Dr Kilcullen continues in his book:
I prefer it to the terms ‘jihad’, ‘jihadist’, ‘jihadi’ or ‘mujahadeen’ … which cede to the enemy the sacred status that they crave …
It should be understood that these Takfiri transnational terrorist groups threaten the Muslim world as well as our own. We must resist the notion that there is a clash of civilisations or religions and expose al-Qaeda for what they are—murderous heretics. We must isolate al-Qaeda from the Muslim world in order to destroy it, and we must seek allies in the Muslim world in order to do this. There is a great deal of overlap in the threats. Nothing is simple in Afghanistan, but we must disaggregate the threats as far as possible and have a different strategy to deal with each of them. Peace and stability can only occur if we understand the nature of the threat we face and concentrate on the true nature of our ultimate enemy—al-Qaeda and groups like them.
The third pillar to bringing peace and stability in Afghanistan is that there should be some movement away from the highly centralised government there. As I said before, previous periods of stability were characterised by highly decentralised governments. I believe that only by devolving democratic power back to the provinces and the valleys can we avoid civil war and eliminate national kleptocracy. A devolution of power is essential to bringing peace to Afghanistan.
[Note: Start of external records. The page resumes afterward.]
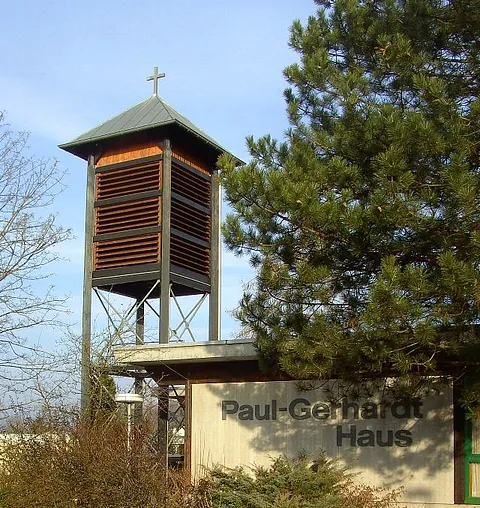 Glockenturm des Paul-Gerhardt-Hauses mit Kreuz und moderner Architektur.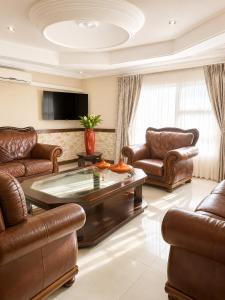 a living room with leather furniture and a flat screen tv at Azania Bed & Breakfast in Meyerton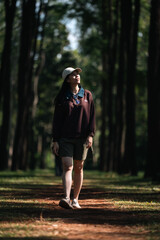 Obraz premium Asian woman relaxing in forest nature wellness mindfulness peaceful outdoor lifestyle mental health wellbeing natural therapy environment calm happiness sitting among trees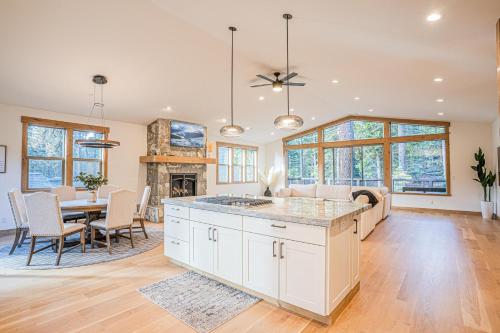 a kitchen and dining room with a table and chairs at Wooded Bliss in Carnelian Bay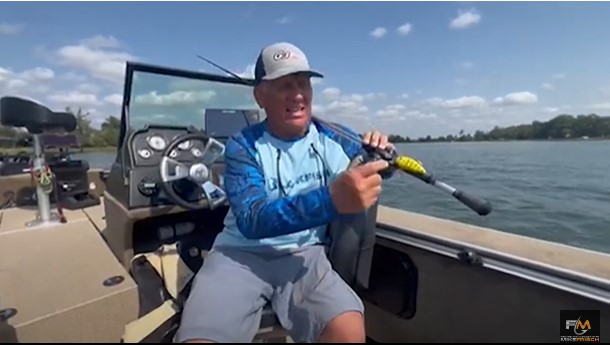 A man in a blue long-sleeve shirt and cap sits in a boat on a lake, holding a fishing rod with moving baits. The sky is clear with scattered clouds, and trees are visible in the background.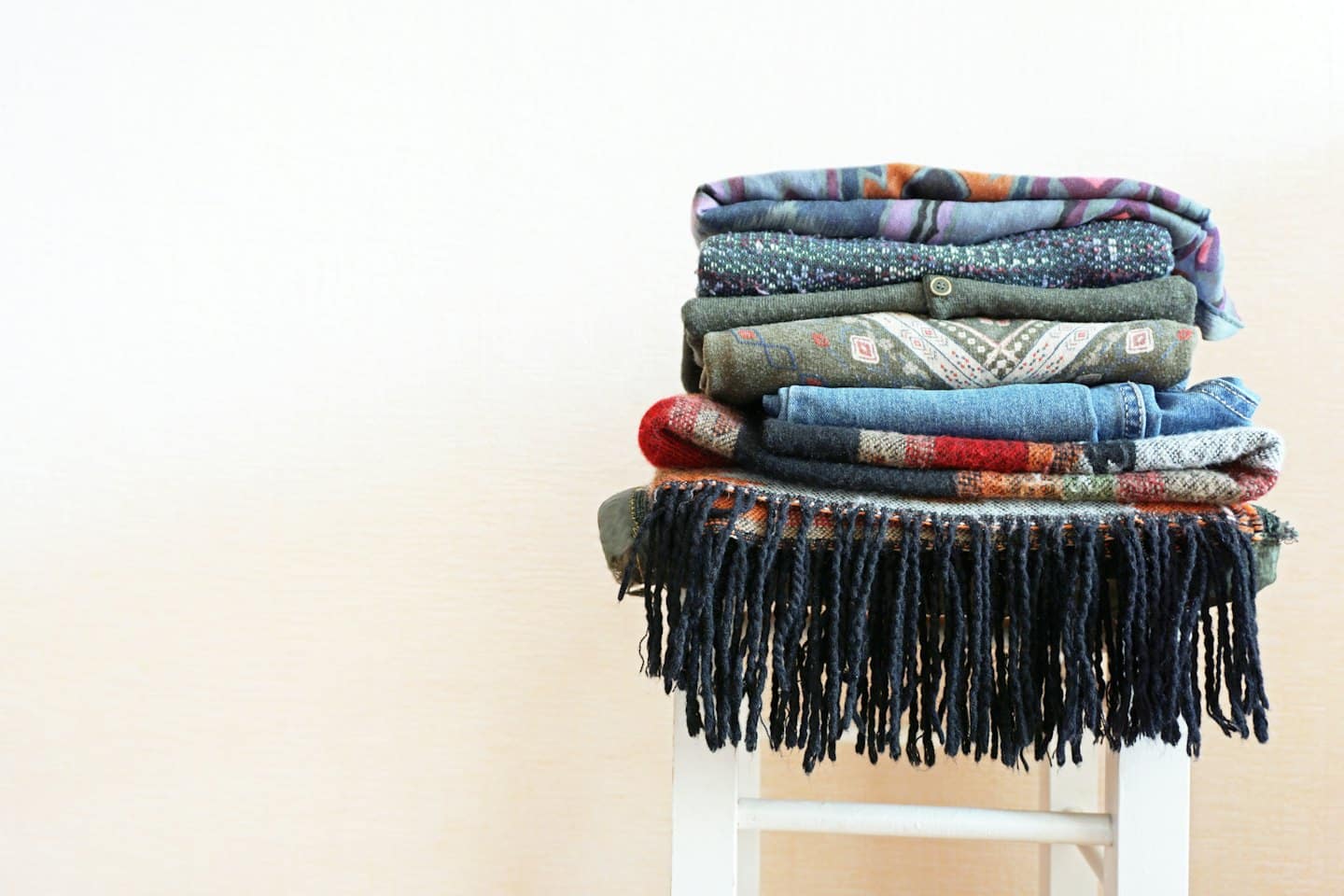 Folded sweaters, jeans, and scarves on a white stool.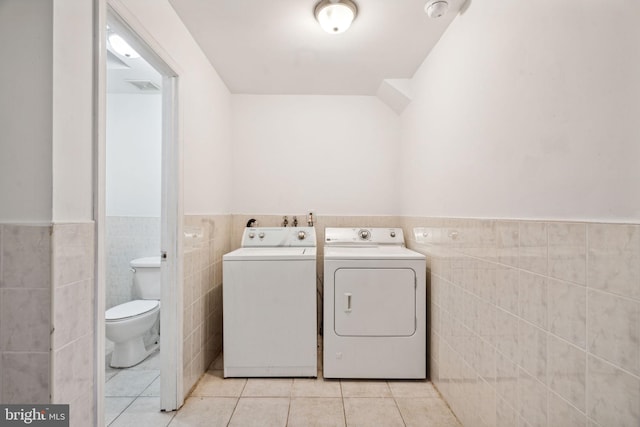 clothes washing area with light tile patterned floors, tile walls, and washing machine and clothes dryer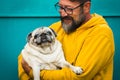 Love dog concept with cheerful adult man hug and hold his own old pug - happy people with animal - colorful yellow and green - Royalty Free Stock Photo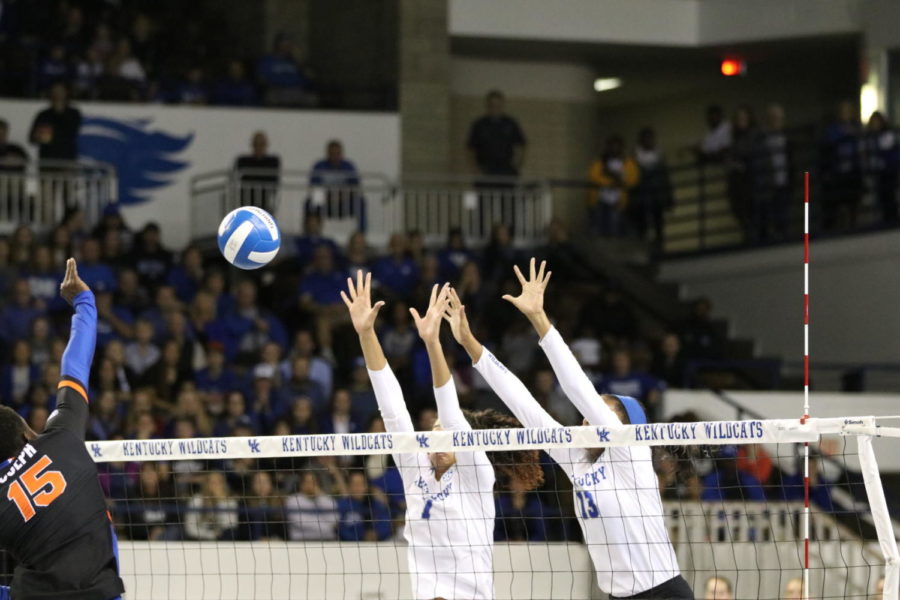 Katz Brown and Leah Edmond block a spike during the match against Florida on Wednesday, November 1, 2017 in Lexington, Ky. Kentucky lost 3-0. Photo by Chase Phillips | Staff
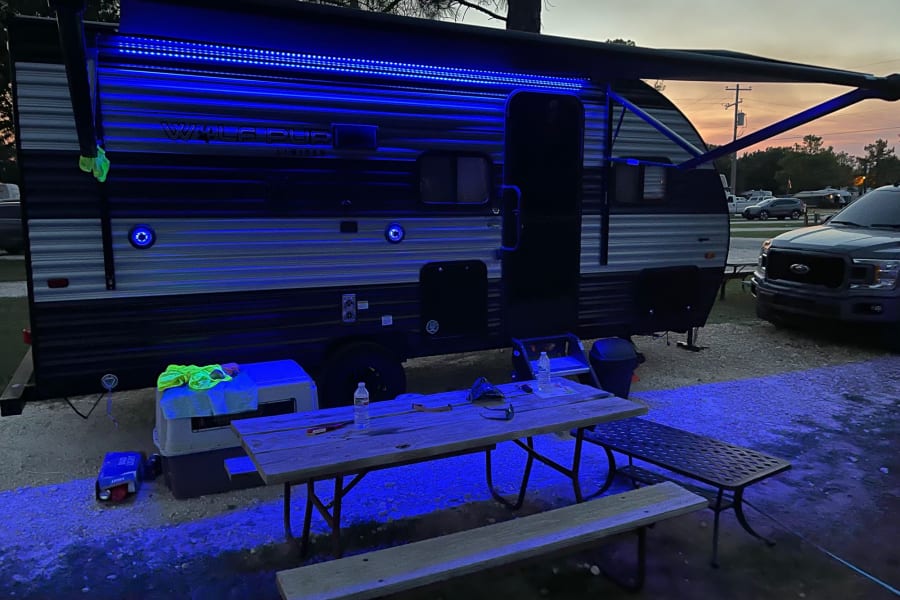 Enjoying the night at an RV rental site! Blue LED lights highlight the camper and picnic area at dusk.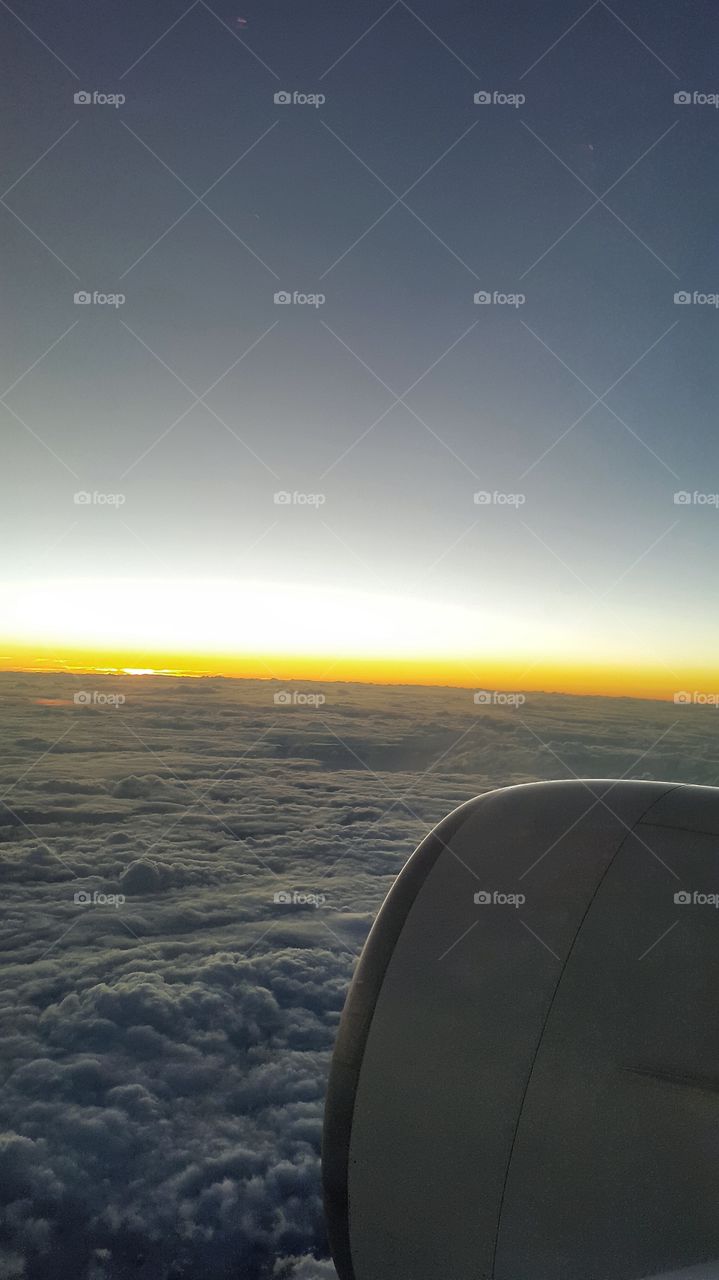 flying at sunrise. wings plane under clouds at sunrise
The fourth and final pillar to seeking a stable and peaceful Afghanistan is to end the great game which has been played by a range of foreign powers who have sought to fight proxy wars with each other within Afghanistan’s borders. We must seek broad international and regional agreements that end the overt and covert support for warlords and extremists—and, basically, a different era in the great game must begin. We must foster regional security in exchange for an end to the money, aid and resources that have fuelled the civil war and the insurgency in Afghanistan. Safe havens can only be eliminated through diplomacy, and we should give no quarter to those who spread violence, terror and disorder around the world, because no state, religion or community is safe from that violence, terror and disorder. It seems to me that diplomacy is an essential tool for ensuring peace and stability.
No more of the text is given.